Herrera celebrates legacy of playwright María Irene Fornés
With the passing of María Irene Fornés on Oct. 30 in New York City at age 88, the world lost an influential 20th-century American theater-maker. In April, Princeton’s Lewis Center for the Arts celebrated Fornés’ legacy through a symposium and performances of and inspired by her work.
Fornes was born in 1930 in Havana, Cuba. A defining force within the off-off-Broadway movement of the 1960s and 1970s (and nine-time Obie Award winner), Fornés — as playwright, director, designer and teacher — became a guiding presence for emerging theater artists of the 1980s and 1990s, especially those invested in staging feminist, queer and Latinx aesthetics and experiences. Yet her legacy remains under-acknowledged among contemporary theater artists, students and scholars.
Brian Herrera, associate professor of theater in the Lewis Center for the Arts, hosted the 2018 Latinx Theater Commons María Irene Fornés Institute Symposium, and asked participants to commit to concrete ways to honor and promote Fornés’ work in the 2019-2020 theater season through an initiative called “Celebrando Fornés.”
Said Herrera: “The 2018 Latinx Theatre Commons María Irene Fornés Institute Symposium afforded a diverse, intergenerational community of theater-makers the opportunity to gather and reflect on the many ways her influence continues to shape our work as artists, as writers, as scholars. Our symposium at Princeton was the first of several remarkable events across the country in the spring and summer of 2018 — notably including the Fornés Marathon at NYC’s Public Theater and the scores of festival screenings of Michelle Memran’s remarkable film ‘The Rest I Make Up’ — to invite folks to gather in the presence of her words, her influence and her legacy.
“I feel very honored that Princeton stood as host to such a convening and that our efforts helped put the name María Irene Fornés in the minds and hearts and mouths of many, often for the first time.

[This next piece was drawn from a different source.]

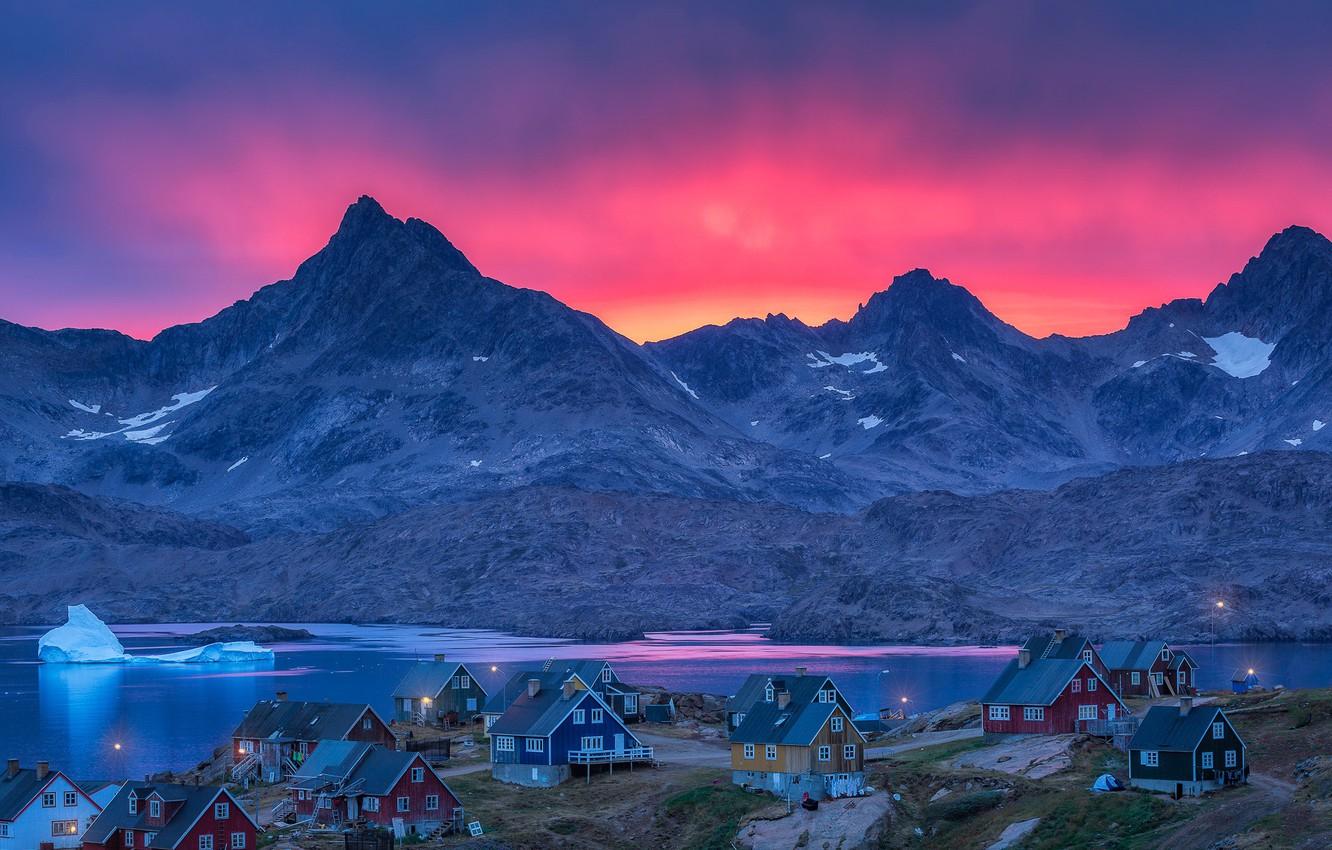 1332x850 Wallpaper sea, mountains, home, glow, the village, Greenland image for desktop, section пейзажи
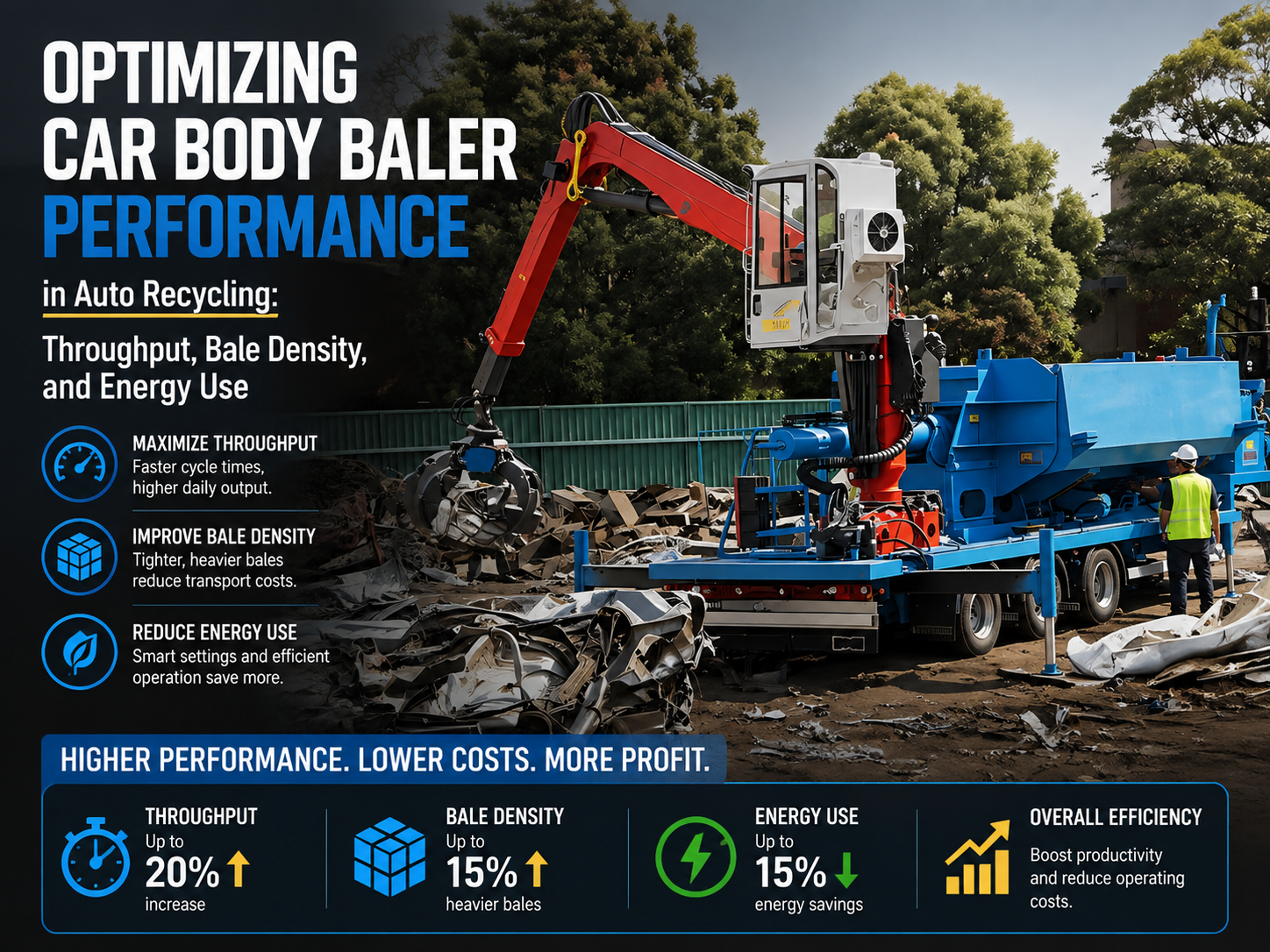 optimizing car body baler performance in auto recycling throughput bale density and energy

And though it’s way too early to know for certain which of the many sparks that first glimmered at the symposium will catch flame, I am aware of a dozen (perhaps more) new collaborations in the offing — many of which are thinking specifically toward ‘Celebrando Fornés.’ I feel our symposium played an important role in lifting the living legacy of María Irene Fornés while she was still with us and I believe all the symposium participants will do their part to tend to her legacy as it continues to evolve, challenging and inspiring theater-makers for many years to come.”
Herrera’s lecture “The Dramatist’s Call to Action: Realizing the Provocative Prescience of James Baldwin and María Irene Fornés” was Princeton’s 2018 James Baldwin Lecture, and an essay version of the talk is slated for publication in early 2019 in the journal Theater.

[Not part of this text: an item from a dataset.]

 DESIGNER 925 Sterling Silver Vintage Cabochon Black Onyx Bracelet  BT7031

The 2018 Latinx Theater Commons María Irene Fornés Institute Symposium was presented by Princeton University’s Lewis Center for the Arts in partnership with the Latinx Theater Commons (LTC) and is made possible with support from the Stephen Trask Lecture Series Fund, the Vice President for Campus Life, the Humanities Council, Center for Collaborative History, the Department of English, and the Programs in American Studies, Latino Studies, Gender and Sexuality Studies, and Latin American Studies.

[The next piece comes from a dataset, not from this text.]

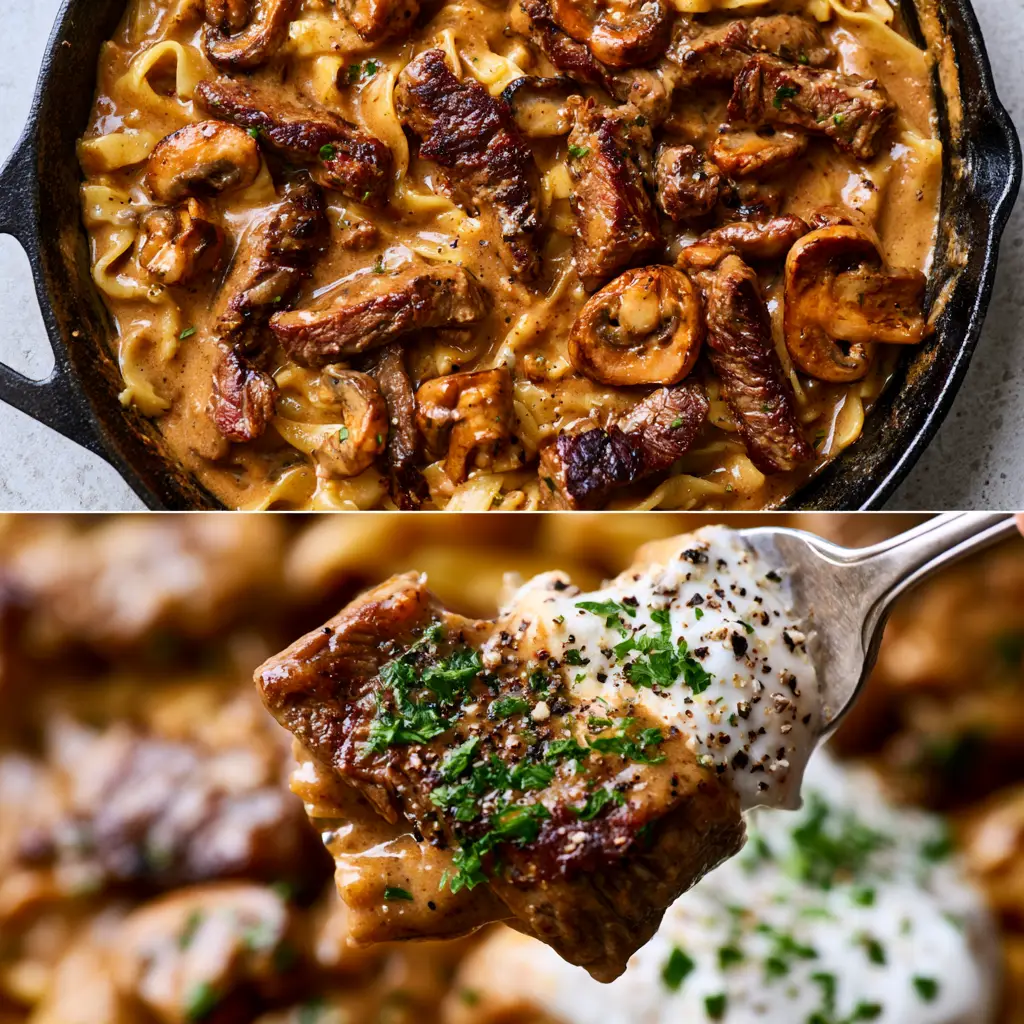 Rustic black cast iron skillet filled with Creamy Meat Dish featuring wavy egg noodles and seared ribeye. (Creamy Meat Dish)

In conjunction with the symposium, the Program in Theater dedicated its main production of the season to an evening of two one-act plays with music celebrating the work of Fornés at the Berlind Theatre at McCarter Theatre Center. Students performed "FNU LNU" by fellow avant garde playwright Mac Wellman and the world premiere of a new play by Fornés student and longtime friend Migdalia Cruz, commissioned through the Lewis Center’s Roger S. Berlind ’52 Playwright in Residence program. Lecturer in Theater and the Lewis Center for the Arts Elena Araoz directed both plays. Students also performed in a production of Fornés’ landmark play, "Fefu and Her Friends," directed by Lecturer in English, Theater and the Lewis Center for the Arts R.N. Sandberg in the historic Maclean House on the Princeton campus.